> [EXERCISE DETAILS]: Nothing but the lines from the one containing "Vampire Kisses: Blood" through the end of the data below should appear in the answer, each exact and free of pictures.
● ● ● ● ●
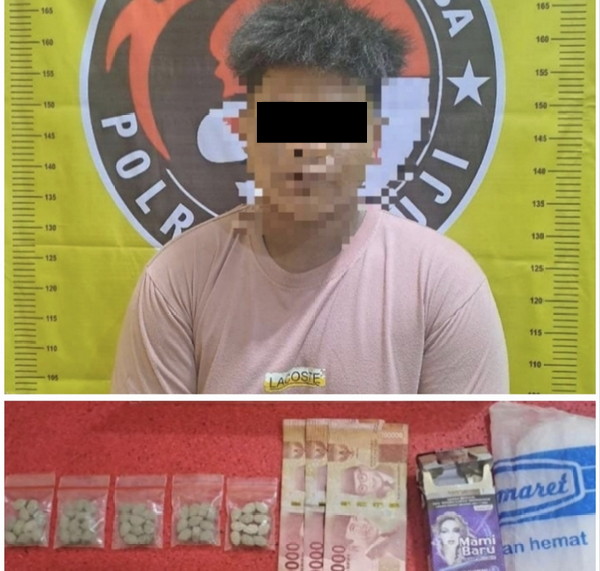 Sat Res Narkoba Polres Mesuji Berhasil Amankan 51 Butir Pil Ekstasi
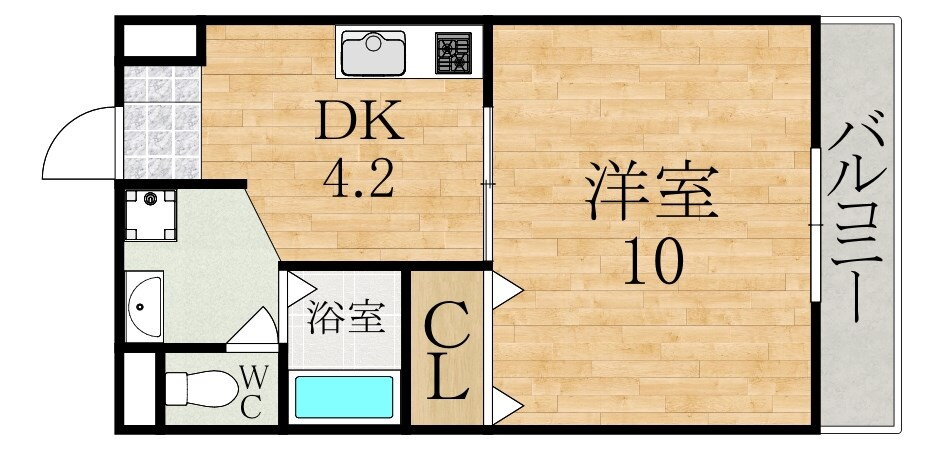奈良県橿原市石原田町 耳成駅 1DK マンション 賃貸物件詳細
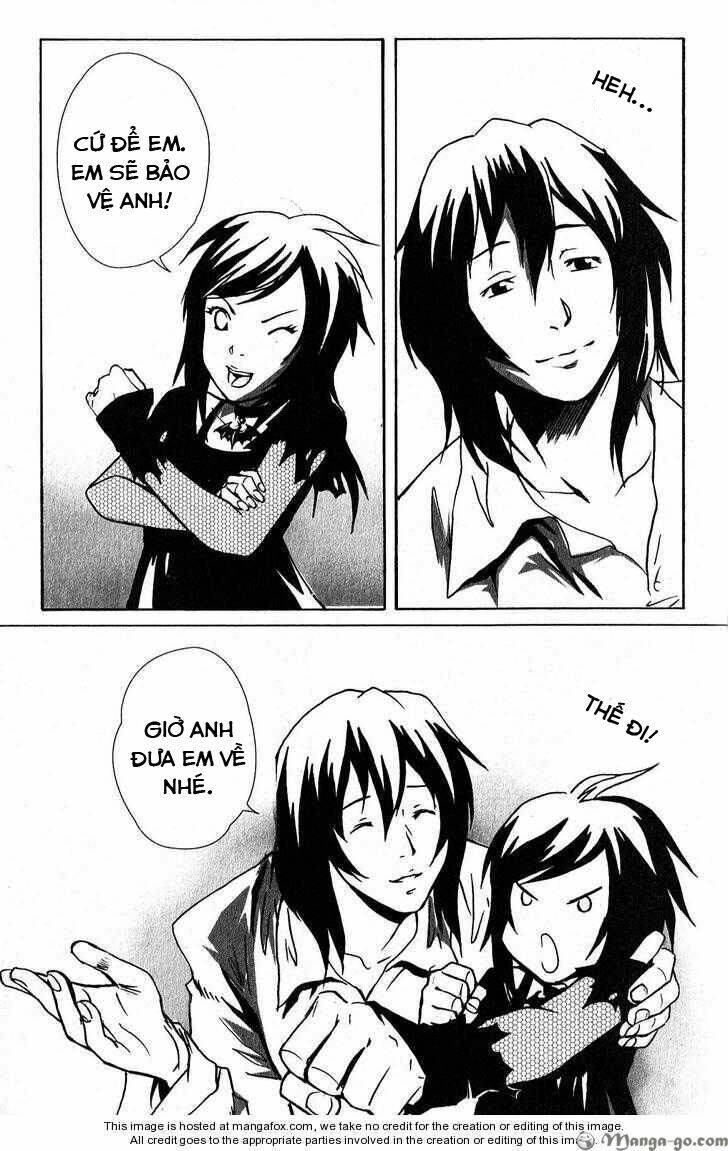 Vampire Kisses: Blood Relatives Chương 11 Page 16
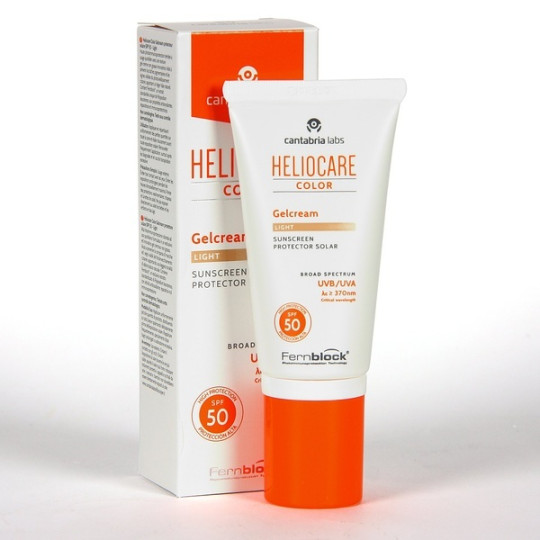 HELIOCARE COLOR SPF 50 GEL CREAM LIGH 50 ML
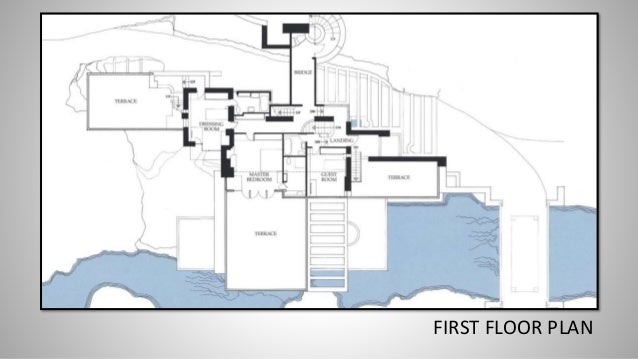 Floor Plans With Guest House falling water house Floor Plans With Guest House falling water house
● ● ● ● ●
> [YOUR RESPONSE]:
 Vampire Kisses: Blood Relatives Chương 11 Page 16
 HELIOCARE COLOR SPF 50 GEL CREAM LIGH 50 ML
 Floor Plans With Guest House falling water house Floor Plans With Guest House falling water house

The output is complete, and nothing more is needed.